Israel 'risking peace talks' with West Bank building
The apartments in Beitar Illit are "an exception" the Israelis say
Israel has authorised the building of 112 new apartments in a Jewish settlement in the West Bank.
The move comes as the US announced that Israel and the Palestinians had agreed to hold indirect talks.
Meanwhile, US Vice-President Joe Biden has arrived in the region, becoming the highest-ranking US official to visit since Barack Obama took office.
Israel had promised a 10-month pause in settlement building in the West Bank, not including East Jerusalem.
Israeli officials said construction was approved before the moratorium was declared.
However the announcement will place strain on the already fragile agreement to talk, Palestinian negotiators say.
In Washington, a US state department spokesman said that while the Israeli move did not violate the moratorium, "this is a the kind of thing that both sides need to be cautious of as we move ahead with these parallel talks."
US envoy George Mitchell is currently in the Middle East to mediate in what is referred to as "proximity talks".
"I'm pleased that the Israeli and Palestinian leadership have accepted indirect talks," Mr Mitchell said in a statement on Monday.
"We've begun to discuss the structure and scope of these talks and I will return to the region next week to continue our discussions.
"As we've said many times, we hope that these will lead to direct negotiations as soon as possible," he added.
But other Palestinian groups based in Syria, including the Islamist Hamas movement which runs the Gaza Strip, rejected the talks.
They said the talks were bowing to pressure from Israel and the US.
A breakthrough in the talks will surprise all sides, the BBC's Middle East editor Jeremy Bowen says.
The planned apartments are in the settlement of Beitar Illit, which has a mostly Orthodox Jewish population.
Tim Franks, BBC News, Jerusalem
The line from Israel's defence ministry is they needed to plug a potentially dangerous gap between steeply raked apartment buildings.
They have decided that the best way to do this is to fill in the space with 112 new apartments.
Palestinian officials see this only as further evidence of the flimsiness of Israel's current, self-declared settlement "freeze".
As it is, there is plenty of construction carrying on inside these settlements, on buildings which were started just before the curb on new approvals came into effect at the end of last year.
In the meantime, the Americans are hoping this week that Vice-President Joe Biden's visit to the region will coincide with an announcement that indirect talks will start between the Israeli and Palestinian leaderships.
But shuttle diplomacy, brokered by the US, can only go so far. As the latest news shows, both sides have such a low opinion of each other's intentions that the prospect of direct negotiations - let alone agreement - remains remote.

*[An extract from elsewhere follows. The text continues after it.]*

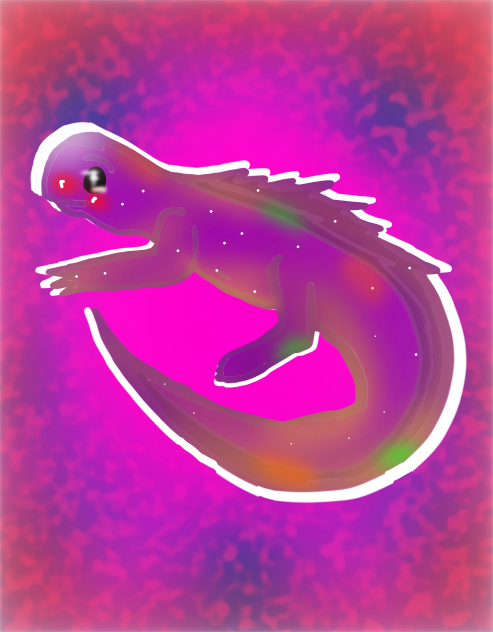 Requested gorgeous lizard ✨💜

Israeli ministers said the buildings would be allowed to go ahead because of what they termed called "safety issues".
A statement from the defence ministry said the building was needed to plug a potentially dangerous 40-yard gap between two existing buildings.

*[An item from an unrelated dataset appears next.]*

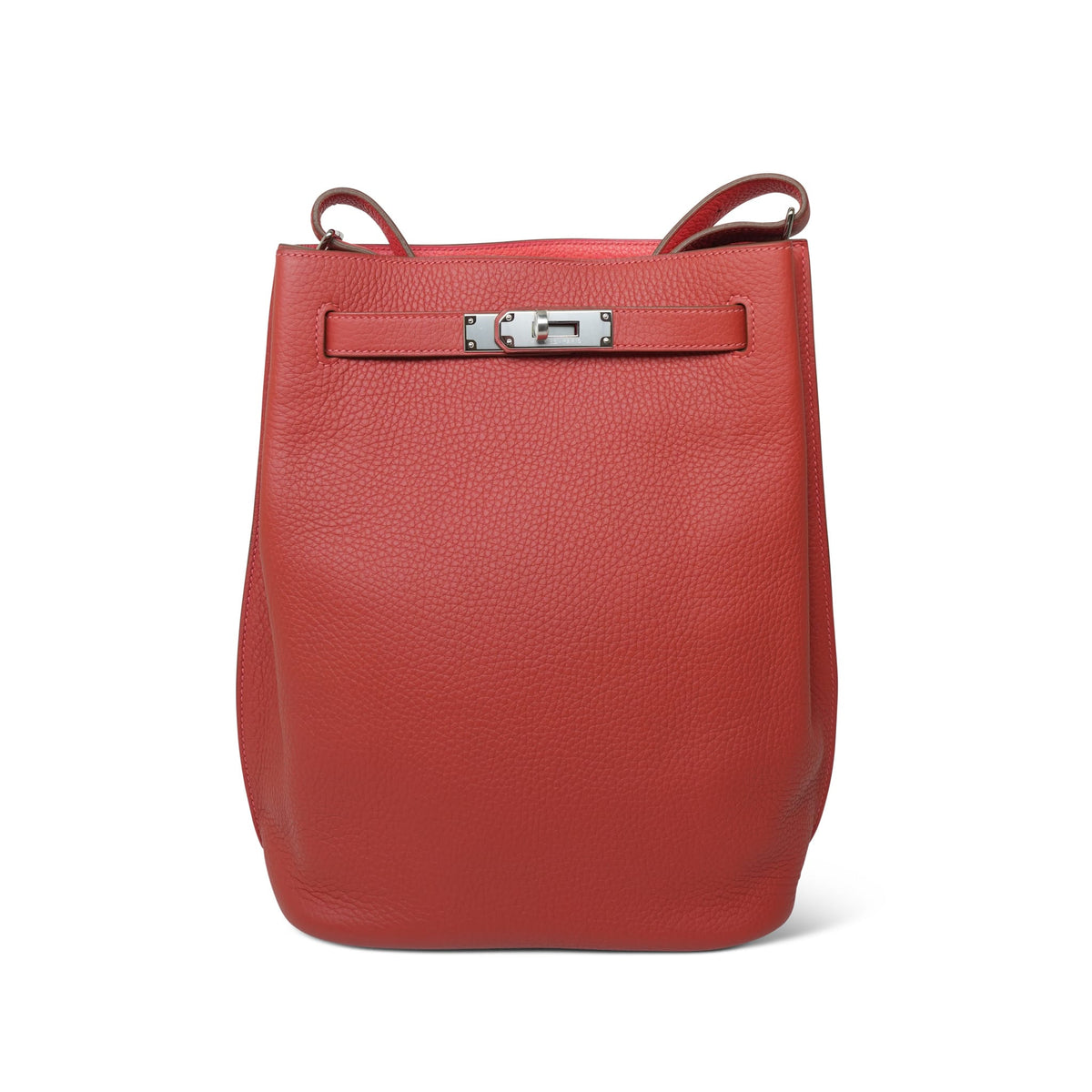 So Kelly 22 Bi-Color Rouge Pivoine/Rose Jaipur Clemence Palladium Plated R Square Stamp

"Beitar Illit is an exceptional permit that came about following safety problems in the infrastructure," the statement said.
The building permits were issued under the previous government of Ehud Olmert and before the settlement pause was announced.
The Palestinian leadership in the West Bank had demanded a complete stop to settlement building as a precondition to re-engaging in talks which broke down more than a year ago.
They agreed "grudgingly", reports said, and came after many months of shuttle diplomacy from Mr Mitchell.
The talks should be limited to four months, Palestinian officials said.
Under heavy US pressure, the Israeli government agreed in November to a temporary and partial pause in building.
It said that work which had already started on 3,000 homes should be allowed to continue, and further exceptions to the pause were possible.
Israel has refused to stop building in East Jerusalem, which the Palestinians say they want as the location of a future capital of a Palestinian state.
In February, the Israeli government revealed that work had been continuing in many settlements despite the promise of a pause.
Palestinian negotiator Saeb Erekat said the move put the talks at risk.
US Vice President Joe Biden arrives in Israel
"If the Israeli government wants to sabotage Mitchell's efforts by taking such steps, let's talk to Mitchell about maybe not doing this if the price is so high," he was quoted by the Associated Press as saying.
Israeli Environment Minister Gilad Erdan said the settlement was "an exception" to the building pause.
"At the end of last year the government decided to freeze construction, but this decision provided for exceptions in cases of safety problems for infrastructure projects started before the freeze," he told Army Radio.
Peace Now, an Israeli group, said the announcement raised questions about Israel's commitment to the peace process.
"The Israeli government is welcoming the US Vice-President by demonstrating, to our regret, that it has no genuine intention to advance the peace process," the group's settlement expert Hagit Ofran told AP.
All settlements in the the West Bank, including East Jerusalem, are considered illegal under international law, although Israel disputes this.